Tuesday, August 19, 2008

'Non-judgemental' my ass;

these people want to destroy the family. And they've done a pretty good job of it.
Consider one British parent, Fiona MacKeown, who in November 2007 went on a six-month vacation to Goa, India, with her boyfriend and eight of her nine children by five different fathers, none of whom ever contributed financially for long to the children’s upkeep. (The child left behind—her eldest, at 19—was a drug addict.) She received $50,000 in welfare benefits a year, and doubtless decided—quite rationally, under the circumstances—that the money would go further, and that life would thus be more agreeable, in Goa than in her native Devon.

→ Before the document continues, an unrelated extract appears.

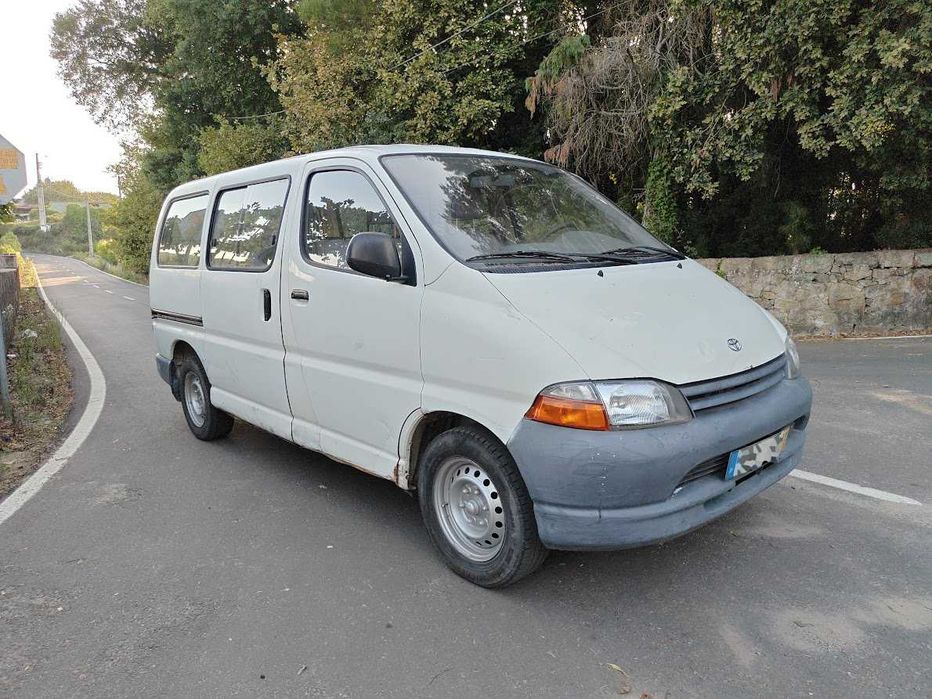 Toyota hiace - com direção assistida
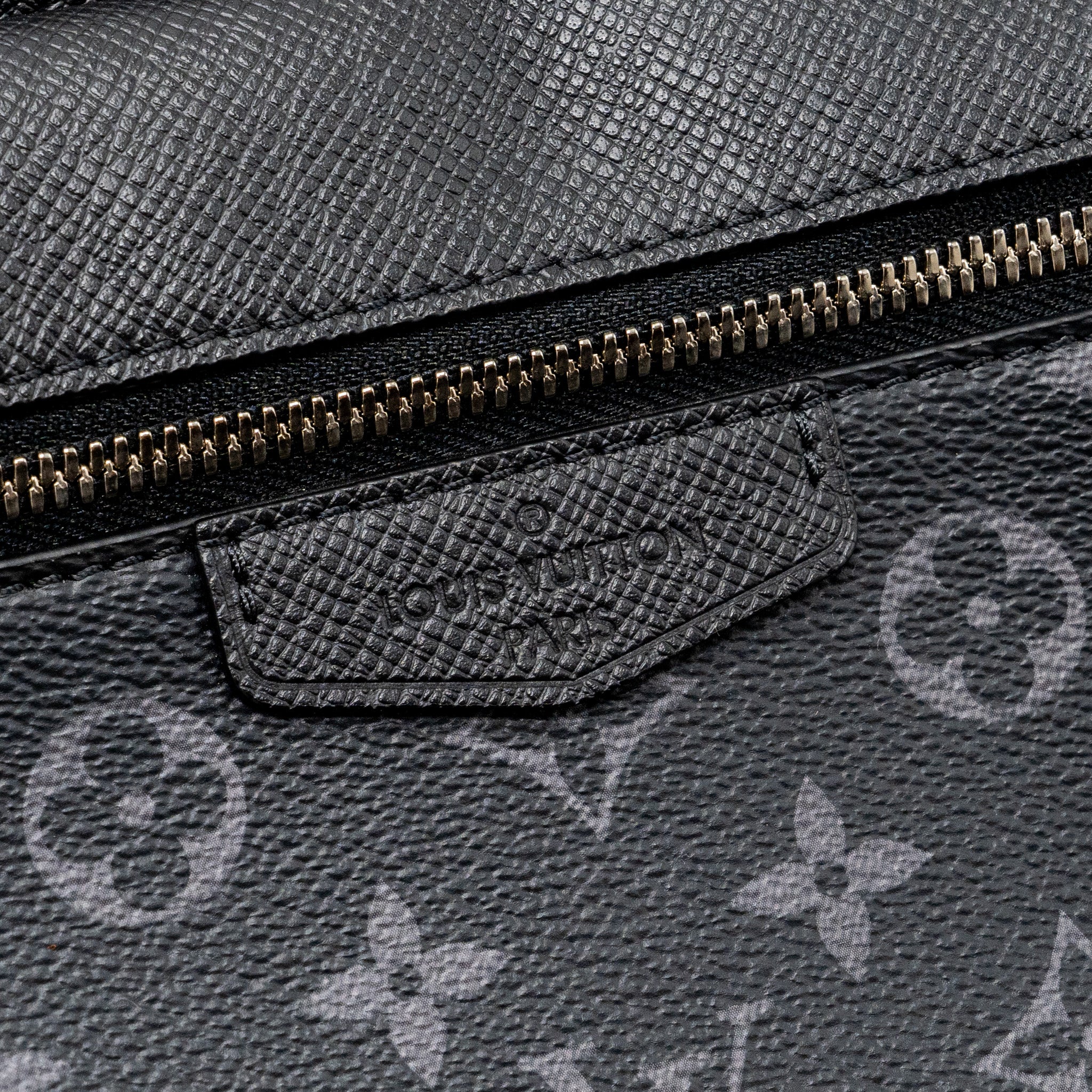 Louis Vuitton Messenger Bag Monogram Eclipse SHW - Image 8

Reaching Goa, MacKeown soon decided to travel with seven of her children to Kerala, leaving behind one of them, 15-year-old Scarlett Keeling, to live with a tour guide ten years her elder, whom the mother had known for only a short time. Scarlett reportedly claimed to have had sex with this man only because she needed a roof over her head. According to a witness, she was constantly on drugs; and one night, she went to a bar where she drank a lot and took several different illicit drugs, including LSD, cocaine, and pot. She was seen leaving the bar late, almost certainly intoxicated.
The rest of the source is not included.